Does it really matter if there are some things that science will never solve? Ian Stewart thinks not

"We must know. We shall know." So said David Hilbert, one of the leading mathematicians at the turn of the century. Hilbert was gung ho about the future of mathematics. No-go areas should not exist, he believed, and he even had the outlines of a program to prove it. Yet within a few years, Hilbert's dream lay in ruins -a young logician named Kurt Gödel had proved that some mathematical questions simply don't have answers.

What Gödel showed in 1930 was that any logical system rich enough to model mathematics will always have insoluble problems. For instance , it is impossible to prove that mathematics contains no logical inconsistencies. Of course, you can deal with any particular insoluble problem by adding a new mathematical rule, but a new insoluble problem will always appear in the patched-up system.

Demise of science
Even at the time, it was a disturbing revelation. But today the implications could be downright shocking. A small, but increasingly vocal group of scientists is beginning to wonder whether Gödel 's mathematical limits might also exist in the real world. Could there be questions that science will never be able to answer no matter how accurately you know the conditions, no matter how big your computer, no matter how clever you are? And if so, could running up against them herald the demise of science?

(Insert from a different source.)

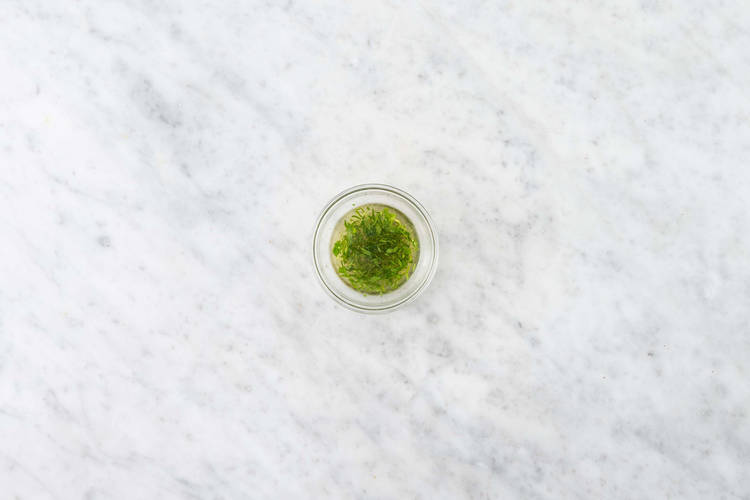 Preparare l'olio al prezzemolo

At first sight the connection between Gödel's arcane mathematical examples and the real world is not self-evident. But although experimental science is about reality, theoretical science is about ideas, and most of those ideas depend crucially on mathematical proof. So limits to mathematics might well translate into limits to scientific theories.

Take the example of a toy train : you can't predict the path of a toy train on some model railway layouts because of another famous insoluble problem in mathematics, Alan Turing's Halting Problem, which he described several decades ago in the context of computational theory.

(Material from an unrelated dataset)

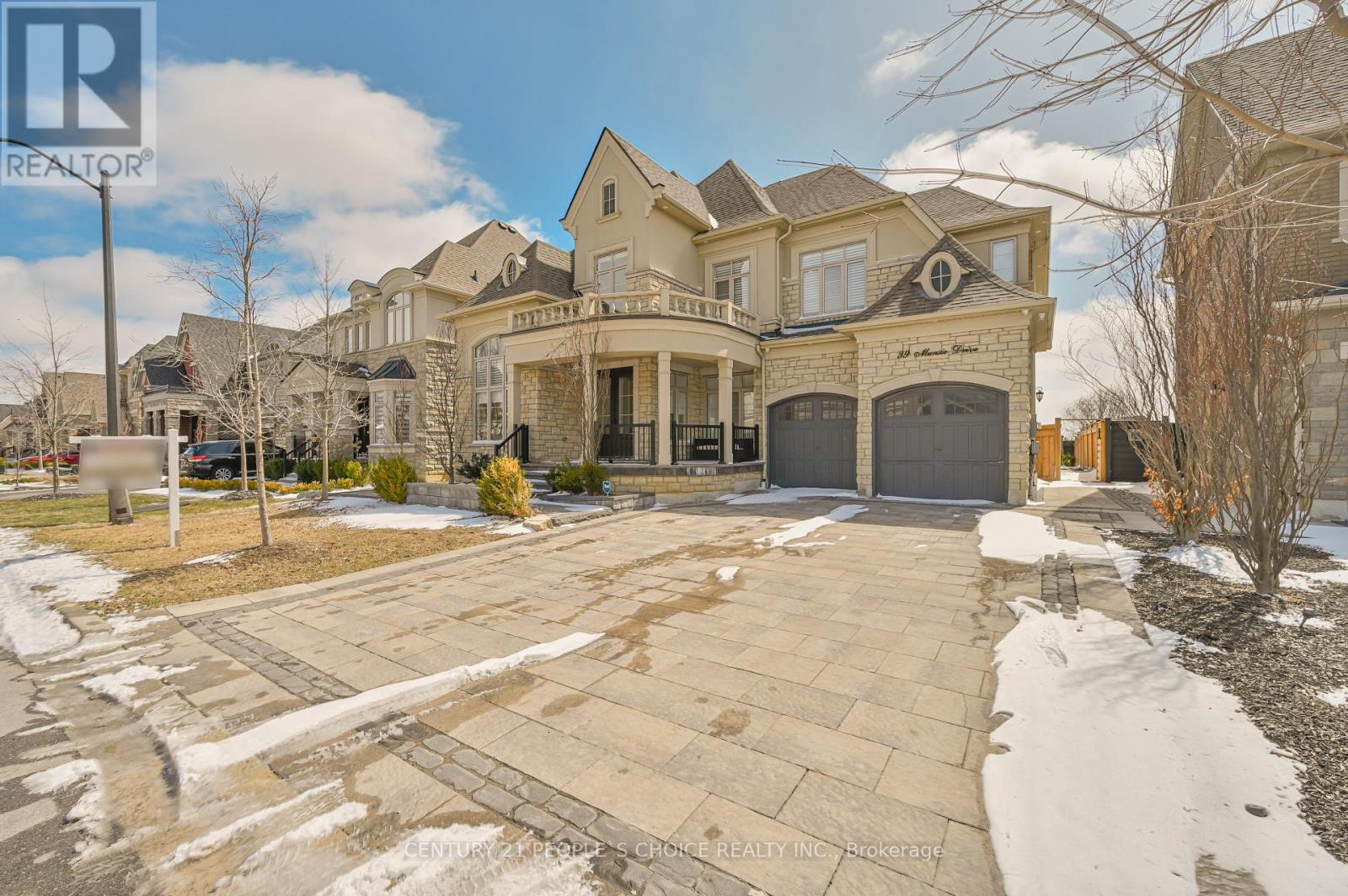 39 MUNSIE DRIVE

If you're using a computer for a task such as wordprocessing, you would expect the machine to do what it was asked and then stop, ready for the next task. However, programs can get "hung up" in infinite loops, doing the same thing over and over again.

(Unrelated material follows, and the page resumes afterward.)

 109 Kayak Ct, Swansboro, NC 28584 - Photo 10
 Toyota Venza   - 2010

Turing, One of the fathers of modern computing, asked whether it was possible to predict whether a program would eventually terminate or go on for ever. He devised a model for the computing process which he called a Turing machine consisting of a central processing unit to do all the calculations, a program, and as much memory as you need. Turing proved that within such a framework no mathematical theory can predict in advance whether a given computation will ever stop.

He did this by assuming that a program that could do the job existed, and then proving that this would lead to a logical inconsistency. His argument was roughly as follows. Call the imaginary predictor program A. Set A up so that you feed the test program into it, and it stops when it establishes that the test program never halts. Now feed A into itself. If A (test program) doesn't stop, A (predictor program) should stop and tell you that the test program doesn't stop.

But A can't both stop and run forever. The only way out is to assume that you can't predict which programs will halt in the first place. Turing's argument was actually a little more complicated, but that's the basic idea.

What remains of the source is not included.